* [Aim of the exercise] Beginning with the line that contains "Young woman jumping on the couch" and ending with the line that contains "Man in green", reproduce the lines of the entries below exactly, omitting pictures.

* [Given entries]
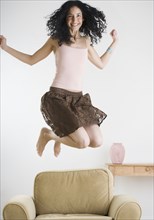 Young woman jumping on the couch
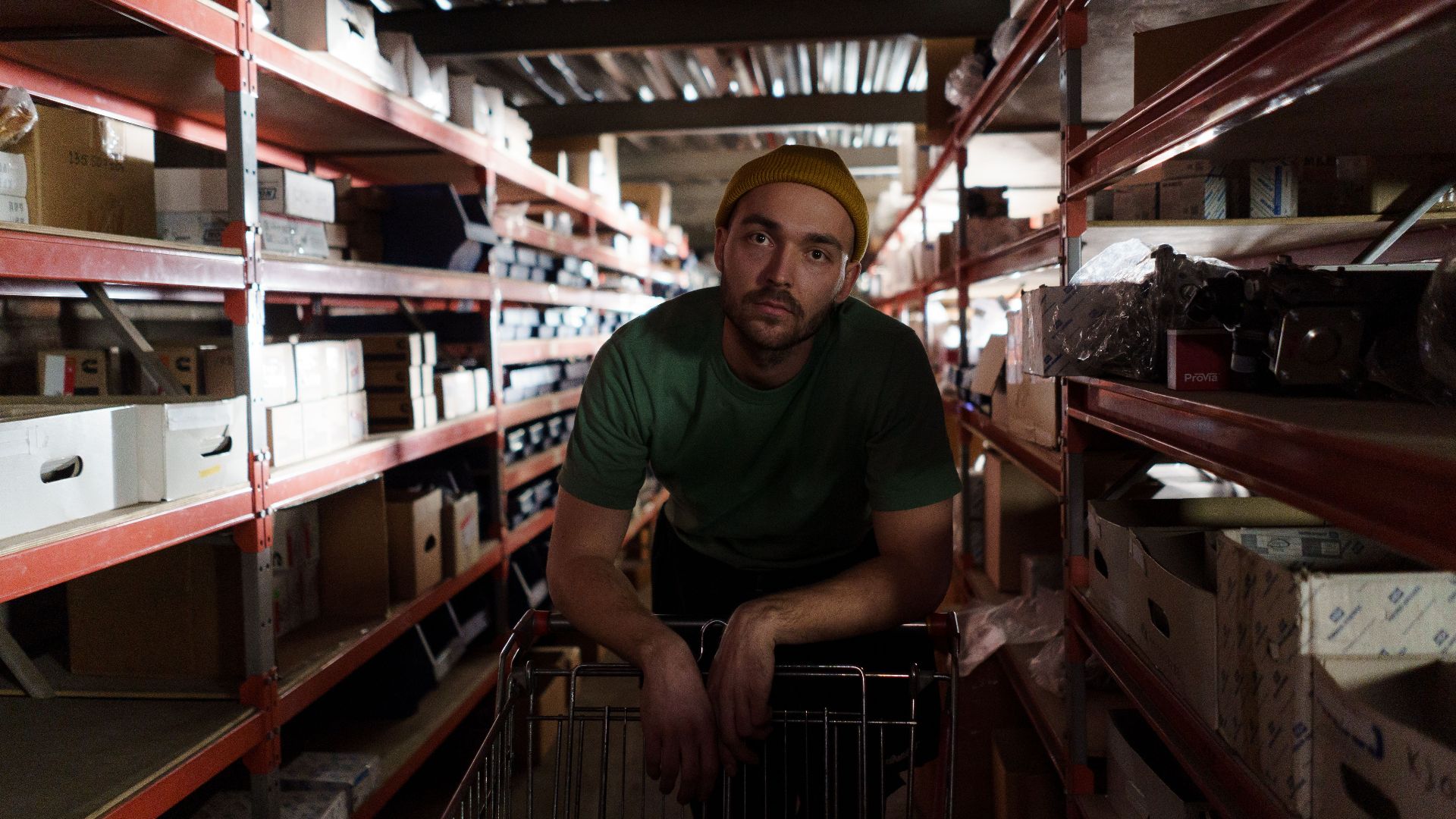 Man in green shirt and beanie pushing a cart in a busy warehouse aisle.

--

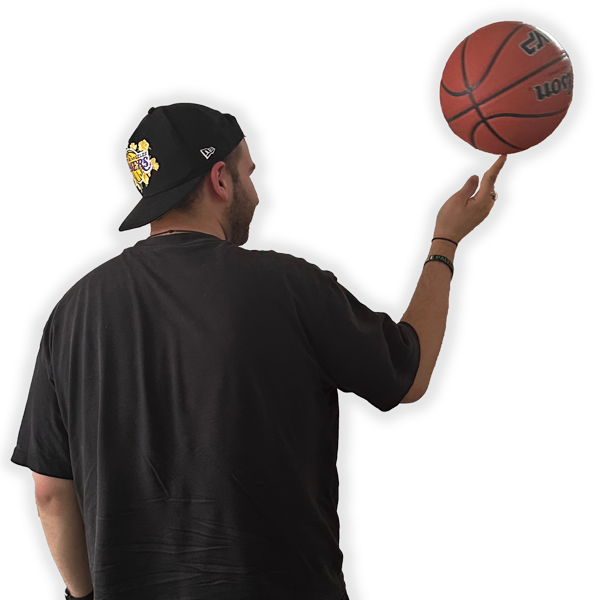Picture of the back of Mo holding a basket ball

* [Output of the exercise]
 Young woman jumping on the couch
 Man in green shirt and beanie pushing a cart in a busy warehouse aisle.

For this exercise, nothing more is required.